**Problem requirements:** The answer must consist solely of the lines from the one containing "Wattboden in St. Peter-Ording" through the last line of the records, set down exactly and without any pictures.

=== Provided records ===

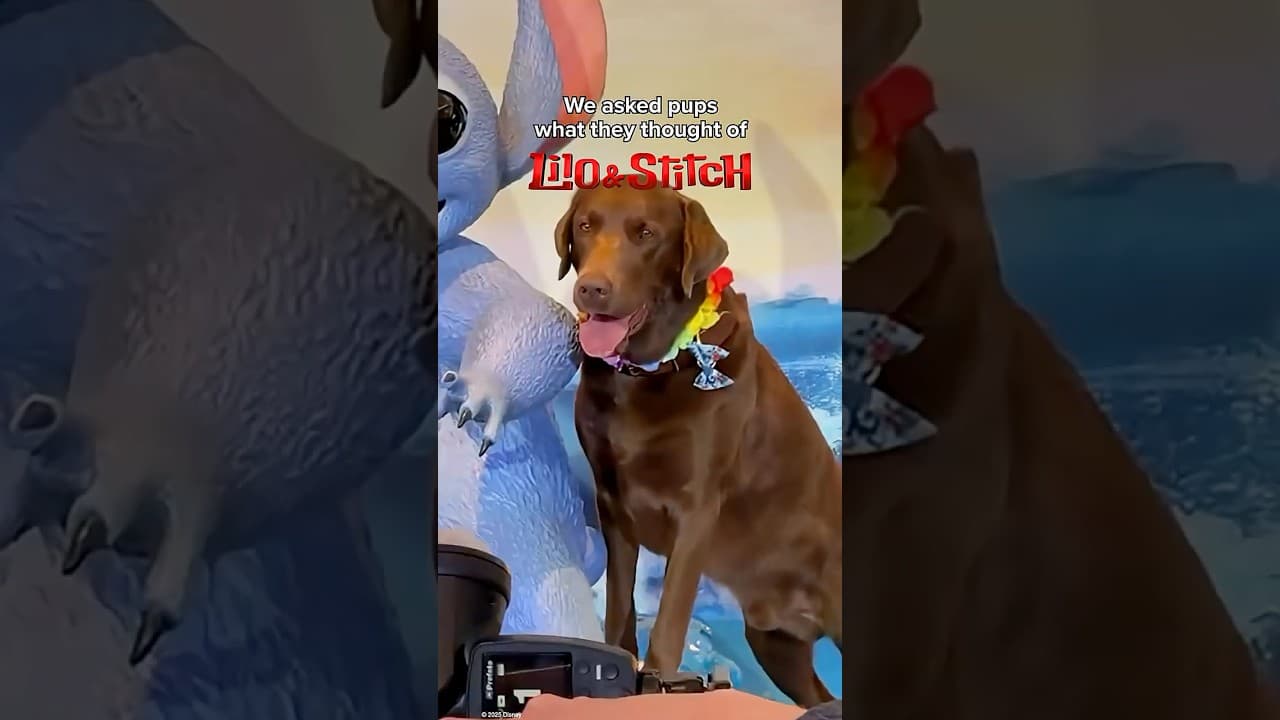 Vox Pups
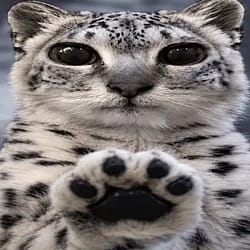 paws at you
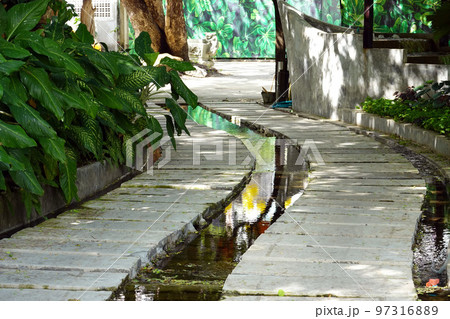 Design of landscaping in the garden, driveway, recreation area Design of landscaping in the garden, driveway, recreation area 97316889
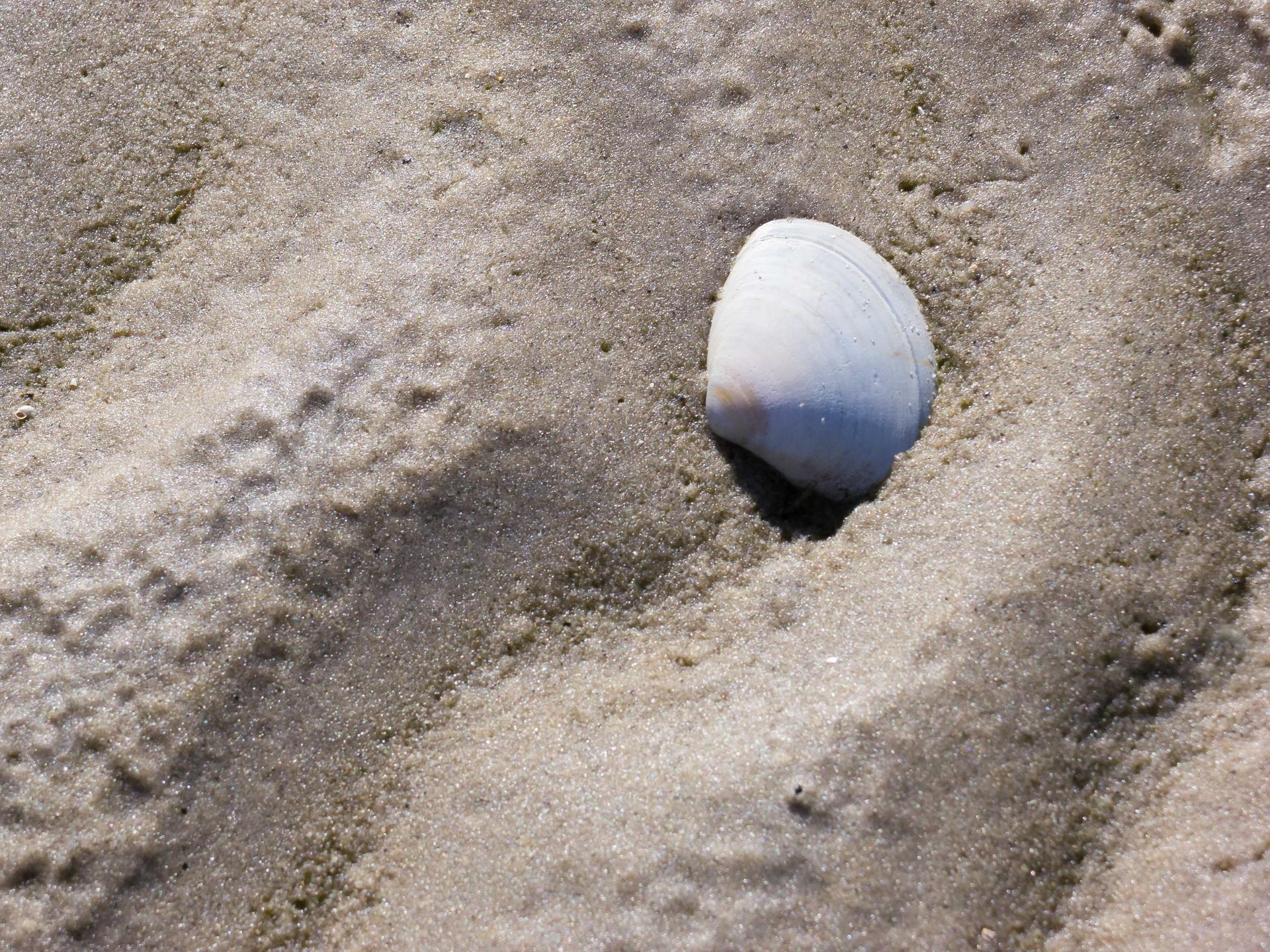 Wattboden in St. Peter-Ording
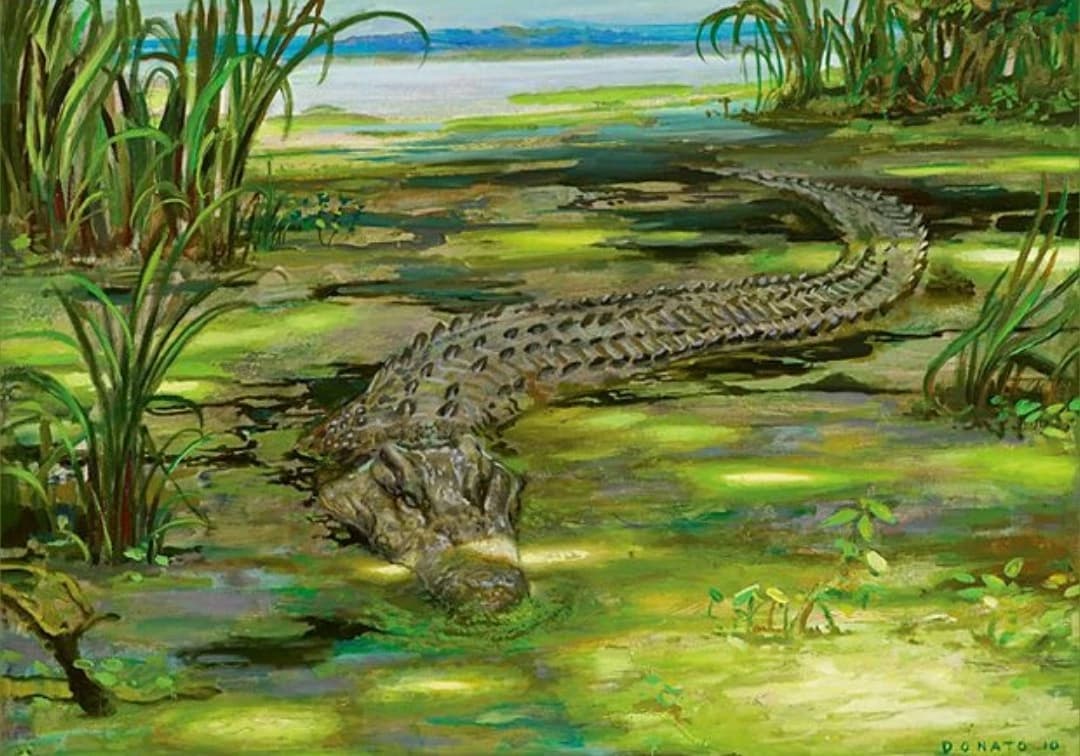 ☆_Crocodile_☆ thumbnail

===

**The completed task:**
 Wattboden in St. Peter-Ording
 ☆_Crocodile_☆ thumbnail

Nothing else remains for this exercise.